Give exactly the lines from the one that contains "Wedge Sloped 45° 3 x 3 Left (42862)" through the end of the entries below, both included; the pictures stay out.

■ ■ ■ ■ ■

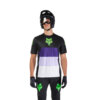 Koszulka Rowerowa Fox Ranger Grid Black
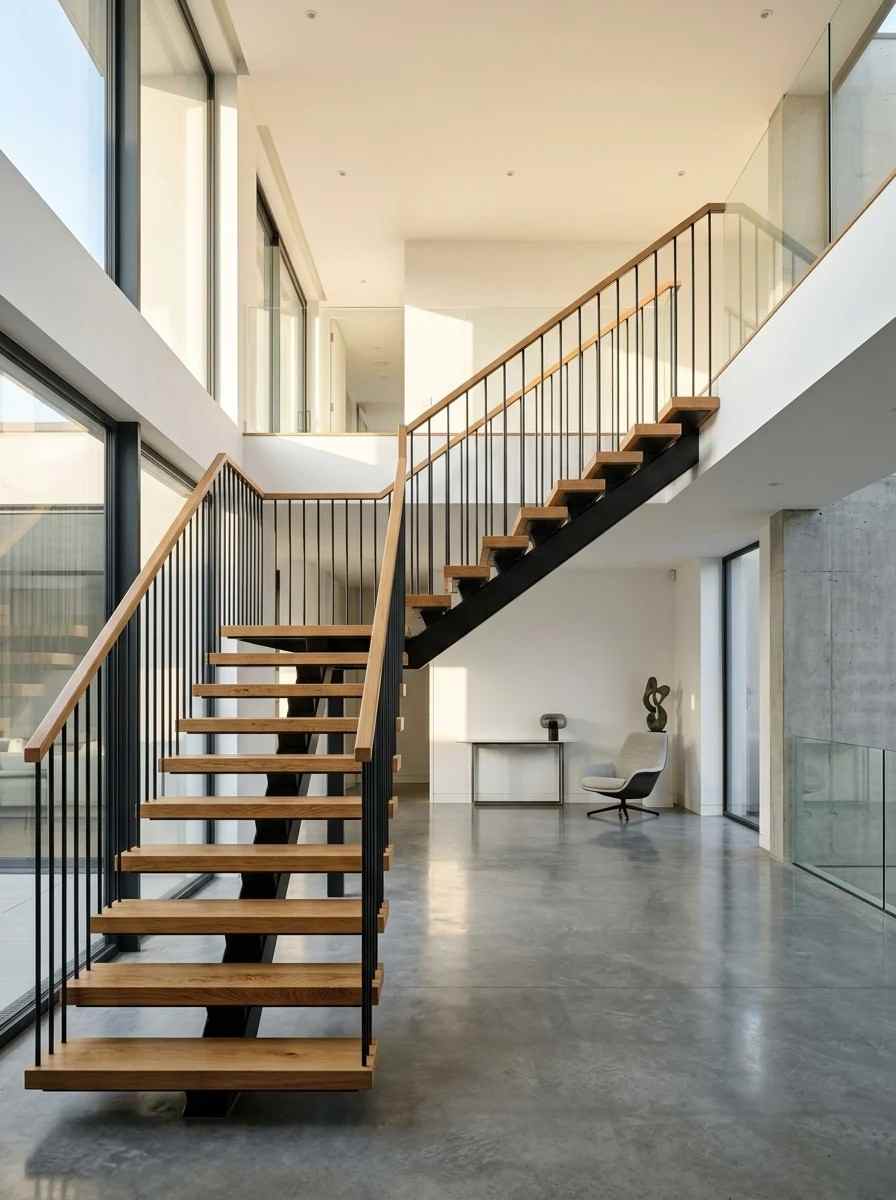 Steel & Glass Partitions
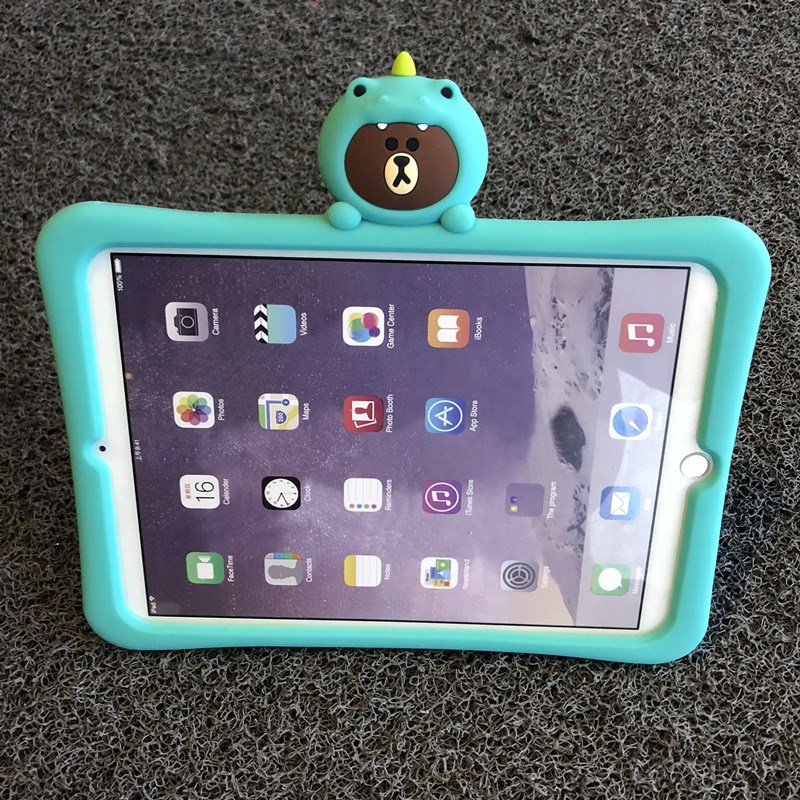 in风ipd2保护 29平板newipd子9粉色pd7外壳款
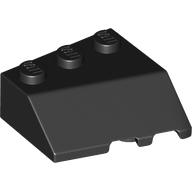 Wedge Sloped 45° 3 x 3 Left (42862)
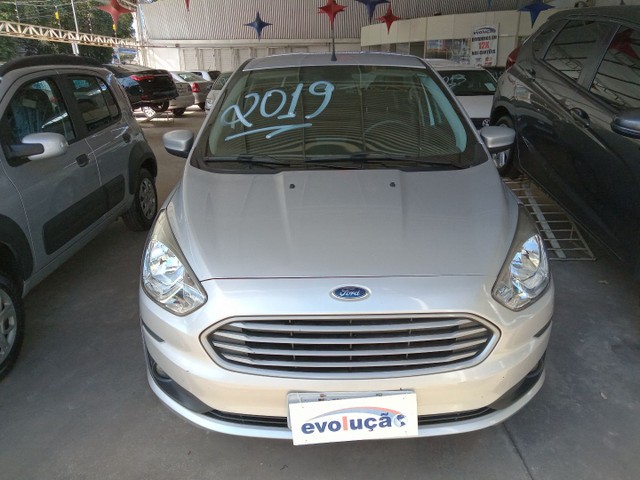 KA+SE 1.5 PLUS SEDAN MANUAL 2019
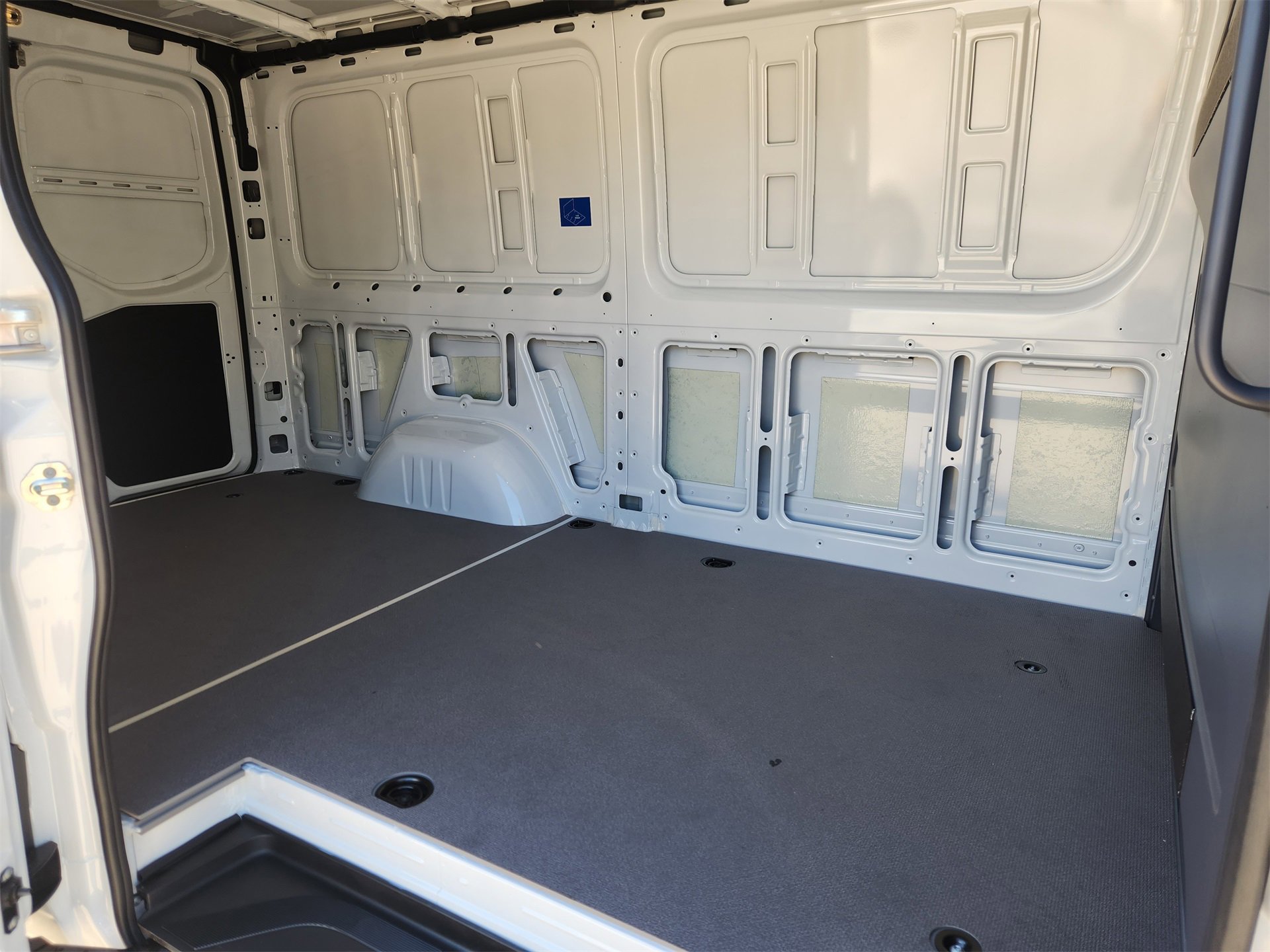 New 2026 Mercedes-Benz Sprinter 144 Cargo image 21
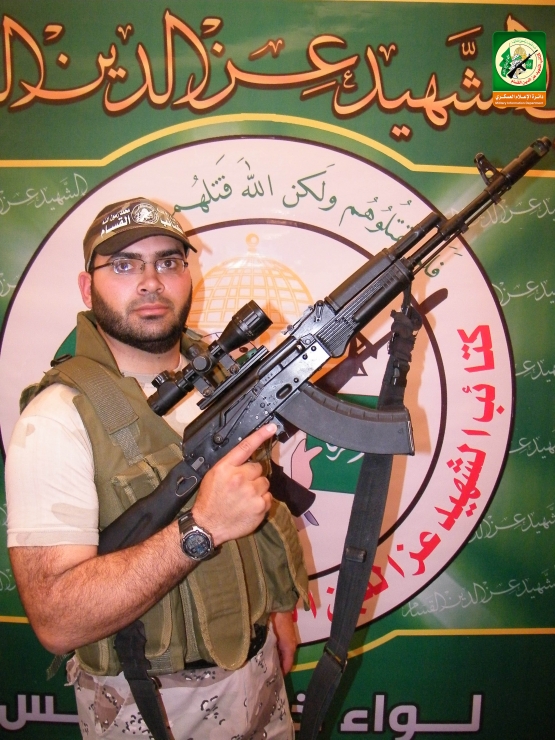 الشهيد القائد الميداني / فادي جهاد حمدان 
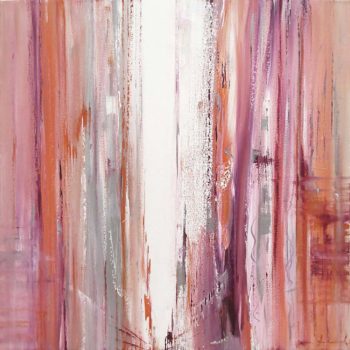 Sara Sherwood - Contemporary Abstract Artist London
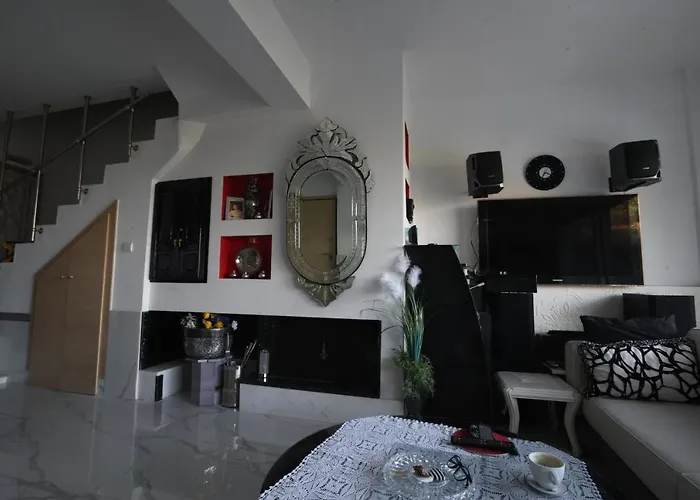 Panorama, Now A Smart Villa *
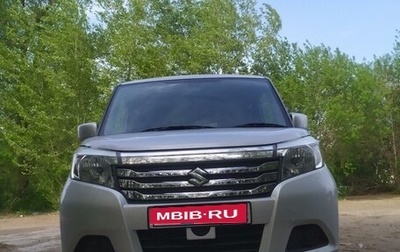 Suzuki Solio III, 2018 год, 1 350 000 рублей, 1 фотография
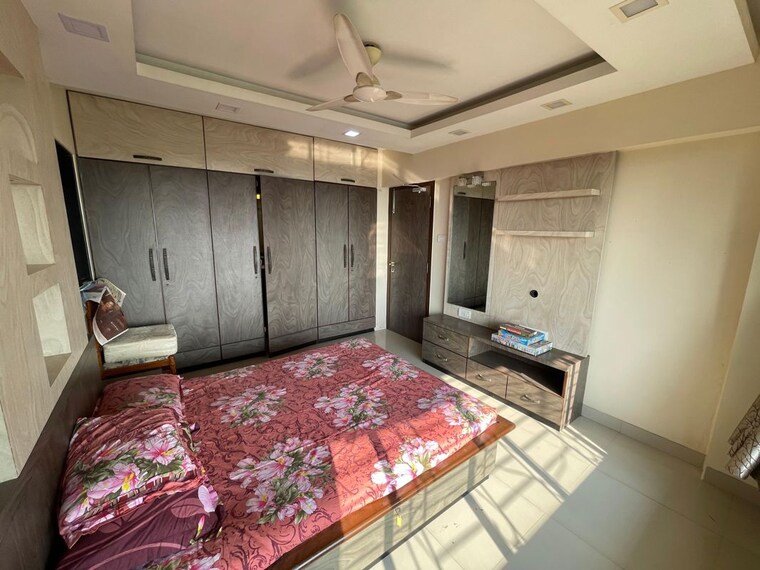 Bedroom, sea-shell-apartments 3 Bedroom 1050 Sq.Ft. Apartment In Andheri West Mumbai 10354503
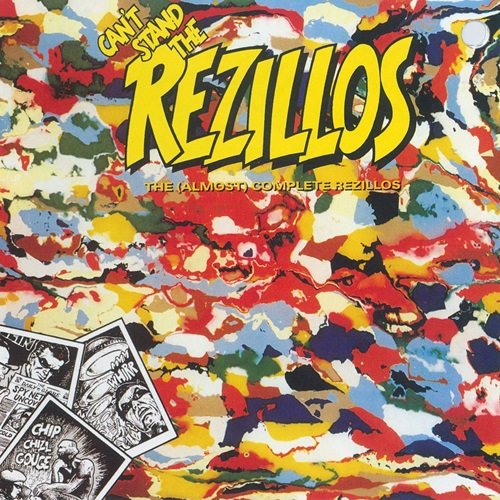 The Rezillos - Can't Stand The Rezillos: The [Almost] Complete Rezillos (1993)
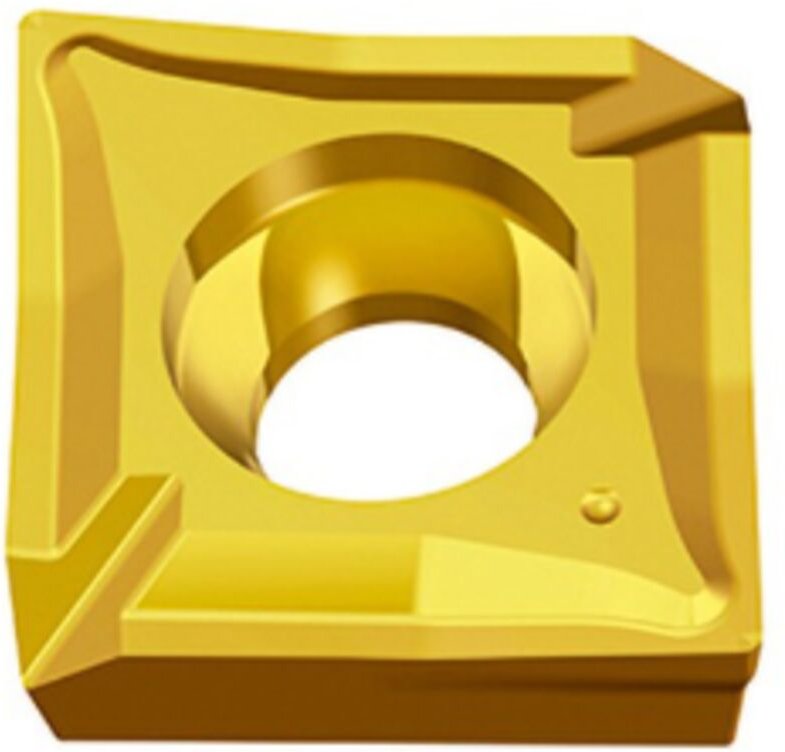 10 Stück Drehwendeplatte xcmt 10T304 tc TT8020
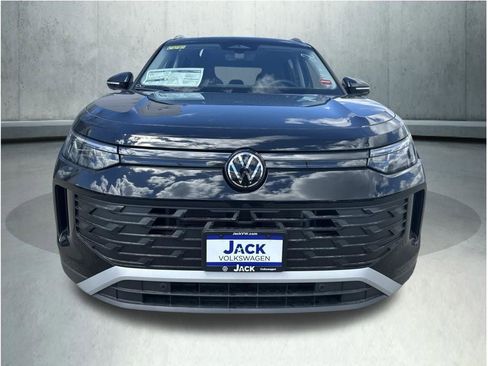 New 2026 Volkswagen Tiguan SE AWD/4WD image 8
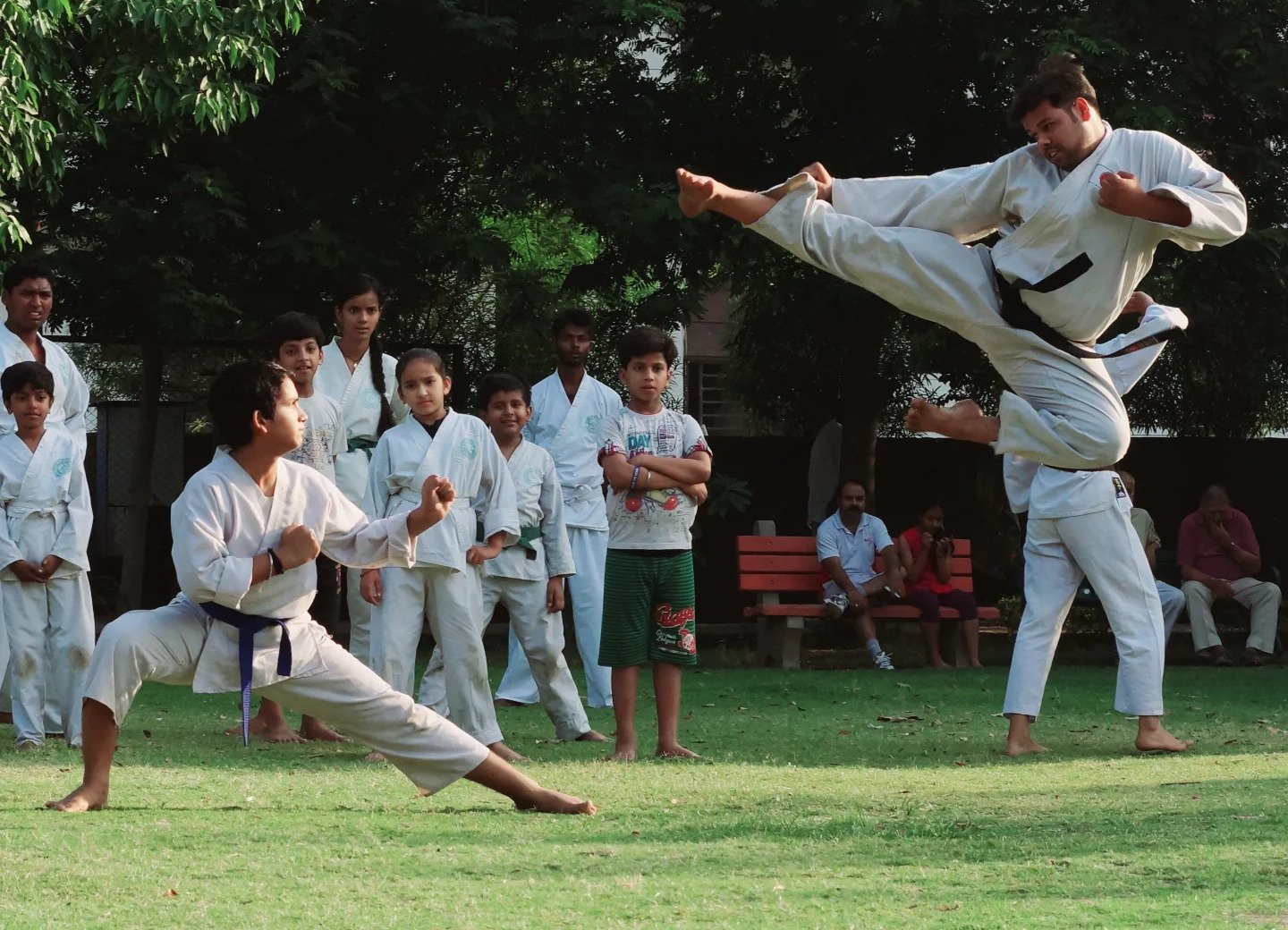 Karate for Adults (18+)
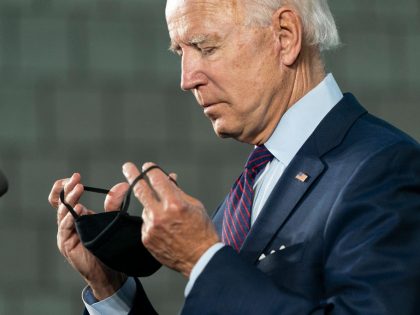 Presidential Candidate Joe Biden Speaks In Lancaster On Health Care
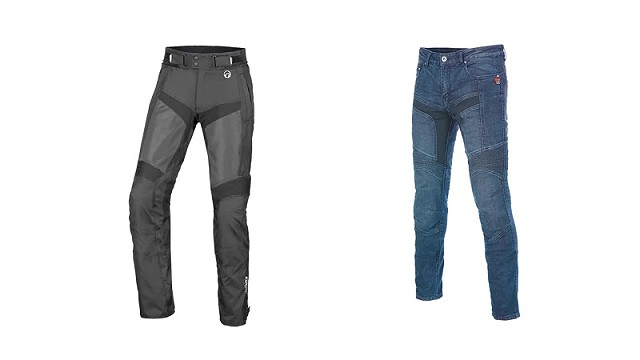 Nadrág (textil, farmer, off-road)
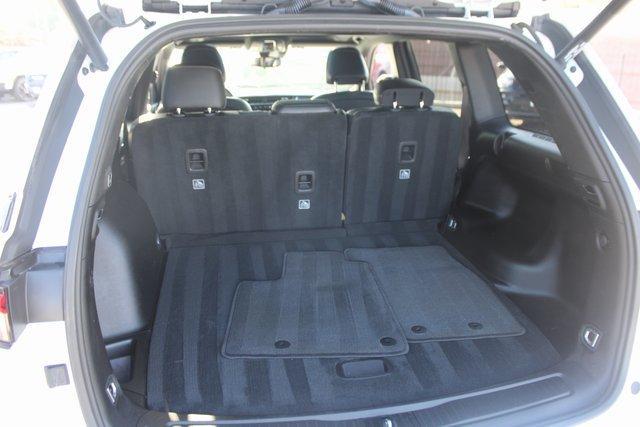 used 2023 Jeep Grand Cherokee car, priced at $28,344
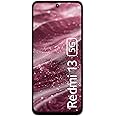 Redmi 13 5G Orchid Pink 6GB RAM 128GB ROM (Without Offer)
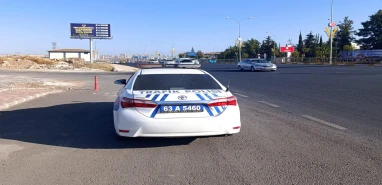 Şanlıurfa’da bu limitleri geçmeyin!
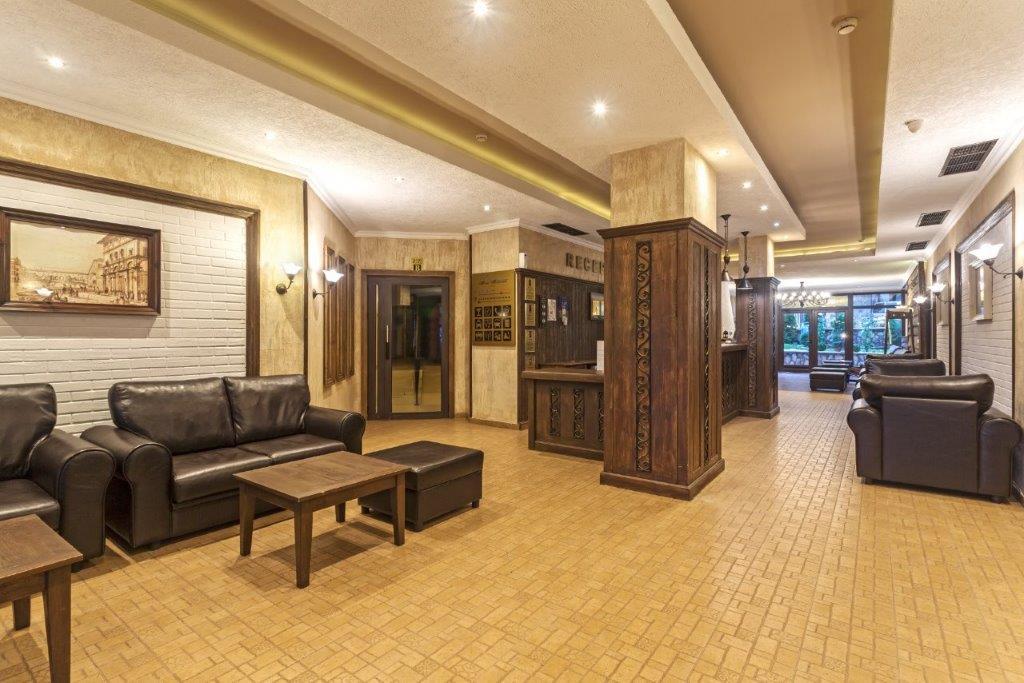 בנסקו Maria-Antoaneta Residence מראה חיצוני תמונה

■ ■ ■ ■ ■

Solved exercise
 Wedge Sloped 45° 3 x 3 Left (42862)
 KA+SE 1.5 PLUS SEDAN MANUAL 2019
 New 2026 Mercedes-Benz Sprinter 144 Cargo image 21
 الشهيد القائد الميداني / فادي جهاد حمدان 
 Sara Sherwood - Contemporary Abstract Artist London
 Panorama, Now A Smart Villa *
 Suzuki Solio III, 2018 год, 1 350 000 рублей, 1 фотография
 Bedroom, sea-shell-apartments 3 Bedroom 1050 Sq.Ft. Apartment In Andheri West Mumbai 10354503
 The Rezillos - Can't Stand The Rezillos: The [Almost] Complete Rezillos (1993)
 10 Stück Drehwendeplatte xcmt 10T304 tc TT8020
 New 2026 Volkswagen Tiguan SE AWD/4WD image 8
 Karate for Adults (18+)
 Presidential Candidate Joe Biden Speaks In Lancaster On Health Care
 Nadrág (textil, farmer, off-road)
 used 2023 Jeep Grand Cherokee car, priced at $28,344
 Redmi 13 5G Orchid Pink 6GB RAM 128GB ROM (Without Offer)
 Şanlıurfa’da bu limitleri geçmeyin!
 בנסקו Maria-Antoaneta Residence מראה חיצוני תמונה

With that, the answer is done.